▶ **Data section**:

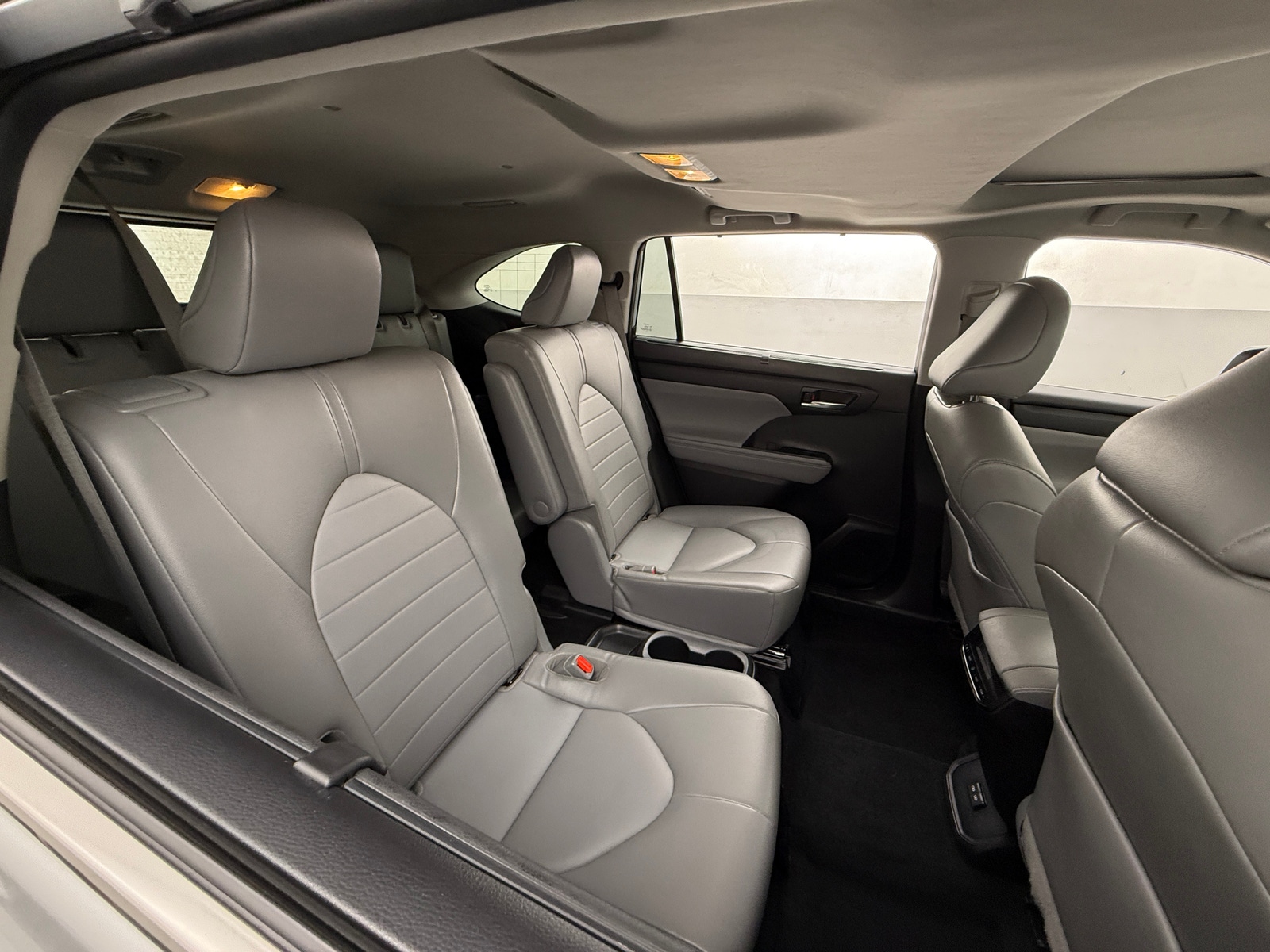 Thumbnail: 2022 Toyota Highlander - 5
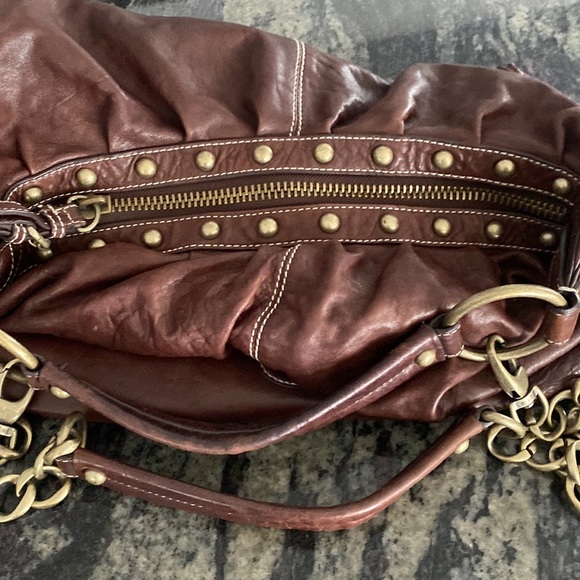 Cynthia Rowley Brown Leather Bag with Gold Chain - Picture 4 of 16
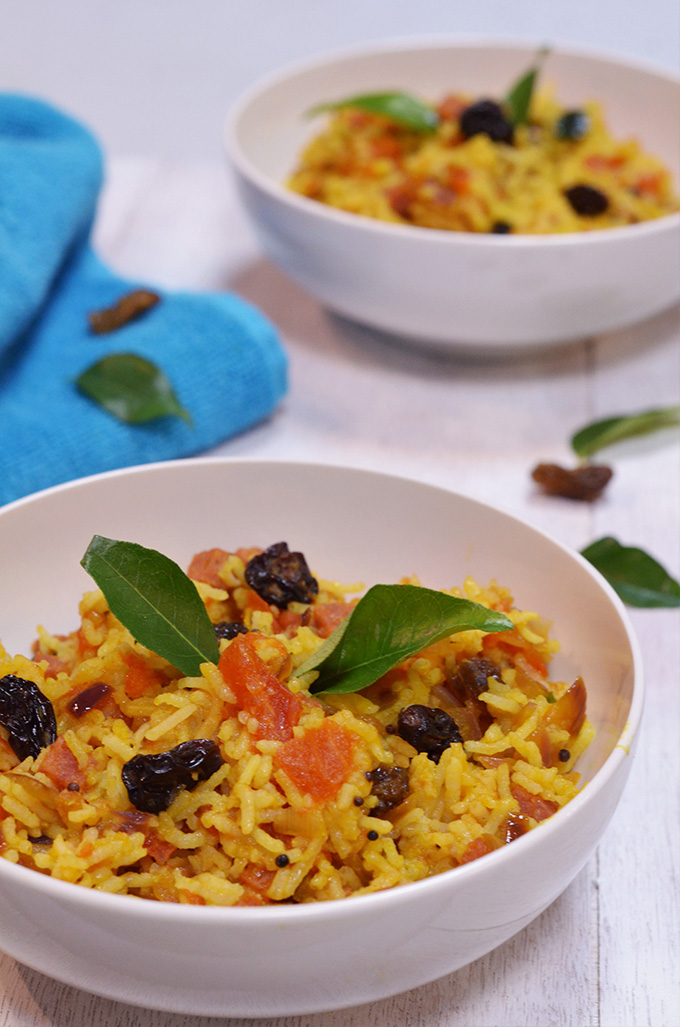 tomato and raisin fried rice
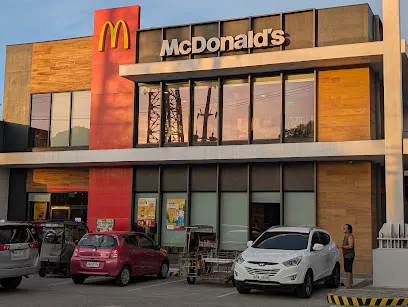 McDonald's Paradahan Tanza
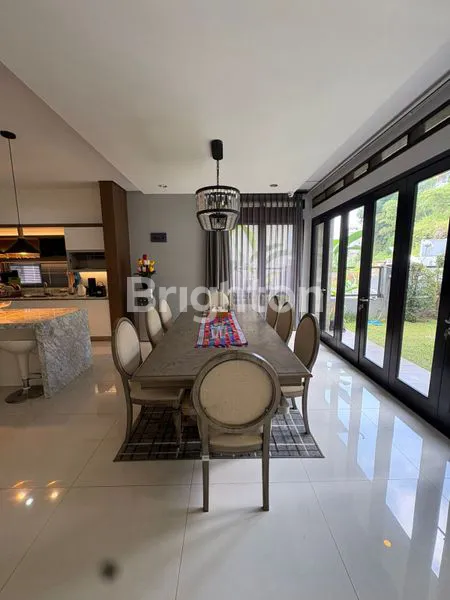 image RUMAH MEWAH DI DAGO PAKAR, VIEW BANDUNG & SHM (4)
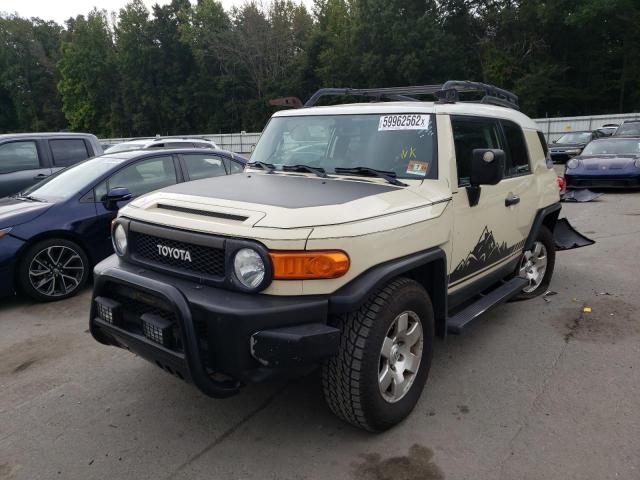 JTEBU11FX9K068082 - 2009 TOYOTA FJ CRUISER BEIGE photo 2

▶ **Task details**: When you write out the data, keep every line exact and drop the pictures.

▶ **Solution to the exercise**:
 Thumbnail: 2022 Toyota Highlander - 5
 Cynthia Rowley Brown Leather Bag with Gold Chain - Picture 4 of 16
 tomato and raisin fried rice
 McDonald's Paradahan Tanza
 image RUMAH MEWAH DI DAGO PAKAR, VIEW BANDUNG & SHM (4)
 JTEBU11FX9K068082 - 2009 TOYOTA FJ CRUISER BEIGE photo 2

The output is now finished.